Queen was delivering sandwiches for Cox III, a Jimmy John’s franchisee, when Queen hit another driver with his car. The other driver filed a liability case against Queen and Cox III. Queen’s vehicle was insured by an auto policy provided by Defendant Farmers Insurance Exchange (“Farmers”). Queen and Cox III sought coverage and indemnification through the auto liability policy provided by Farmers. Farmers declined to cover Queen and Cox III because of two exclusionary provisions in the subject insurance policy. The relevant provisions stated:

. . .

This coverage does not apply to:

1. Bodily injury or property damage arising out of the ownership, maintenance or use of a vehicle while used to carry persons or property for a charge.

. . .

6. Bodily injury or property damage arising out of the ownership, maintenance or use of any vehicle by any person employed or otherwise engaged in a business . . . . This exclusion does not apply to the maintenance or use of a:

a. Private passenger car
b. Utility car that you own if rated as a private passenger car, or
c. Utility trailer used with a vehicle described in a. or b. above.

In the declaratory action filed by Queen and Cox III filed a declaratory action against Farmers, the trial court granted summary disposition for Queen and Cox III and found that Farmers was obliged to provide coverage for Plaintiffs liability claim because neither of the exclusions applied. Farmers appealed.
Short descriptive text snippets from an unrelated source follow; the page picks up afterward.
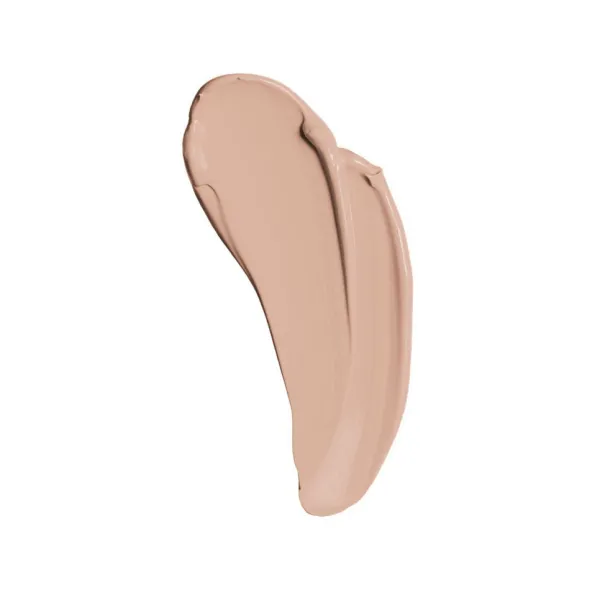 Perfecting Tinted Cream Light 40ml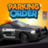 icon Parking Order! 0.9.3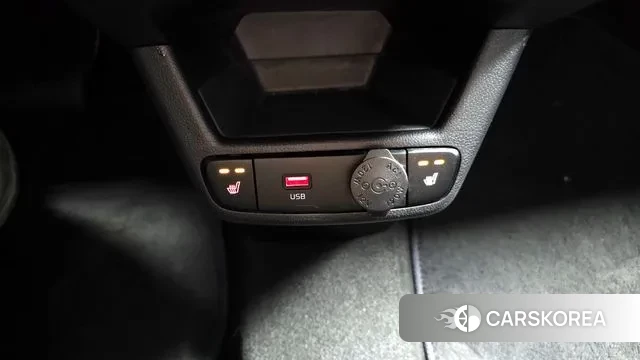 Kia The New Ray id 3561809 из Кореи 9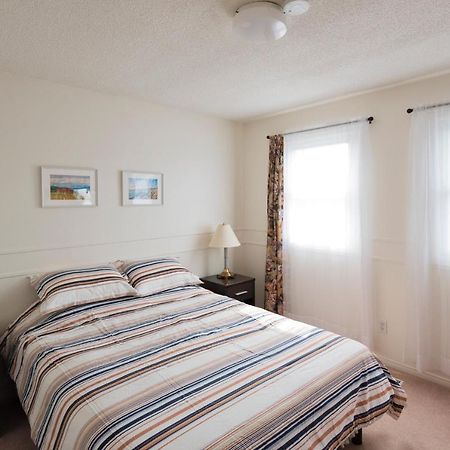 The Comfort Stay At City Of Pickering Buitenkant foto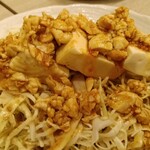 喜どり -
The Court of Appeals reversed the trial court because it found the first exclusion to apply to this case and bar Plaintiffs motion. The Court explained that exclusion #1 was not ambiguous and it simply precluded coverage when the vehicle was used to carry property for a charge. The Court cited to Amerisure Ins Co v Graff Chevrolet, Inc, 257 Mich App 585, 596; 669 NW2d 682 (2007) where it found an insurance contract precluded insurance coverage when the car was used “to carry . . . property for consideration.” There, the plaintiff was delivering pizzas and the Court found that his hourly wage constituted consideration. The Court found that Queen was an employee of Cox III’s Jimmy John’s franchise and delivered sandwiches in return for consideration—his hourly wage. Thus, following its precedent it found that the exclusion #1 barred Cox III and Queen from having Farmers cover them in this case. The Court found it unnecessary to address exclusion #6.
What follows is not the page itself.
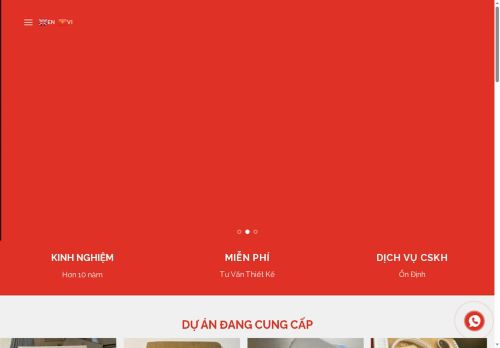 indongtran.com capture - 2025-08-23 16:13:55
“In this case, Queen was an employee of Cox III’s Jimmy John’s franchise and delivered sandwiches in return for hourly compensation, as well as tips. With the exception of the type of food being delivered, the arrangement between plaintiffs is the same as the arrangement between the employee and employer in Amerisure. In Amerisure, this Court did not differentiate between a car rental contract and the type of automobile insurance contract that is typically issued to the owner of a vehicle. Id. at 597. This Court ultimately held that the exclusion in the rental contract, which closely mirrors the exclusion at issue in plaintiffs’ case, precluded insurance coverage for car accidents sustained while the insured’s car is being used to carry property in exchange for an hourly wage. Id. Therefore, the language in Exclusion #1 is not ambiguous, and plaintiffs are precluded from coverage because the accident occurred while Queen used the vehicle to carry property for a charge.”

Thus, the Court reversed the trial court and held that the exclusion clause barred Farmers from covering Queen and Cox III in this case.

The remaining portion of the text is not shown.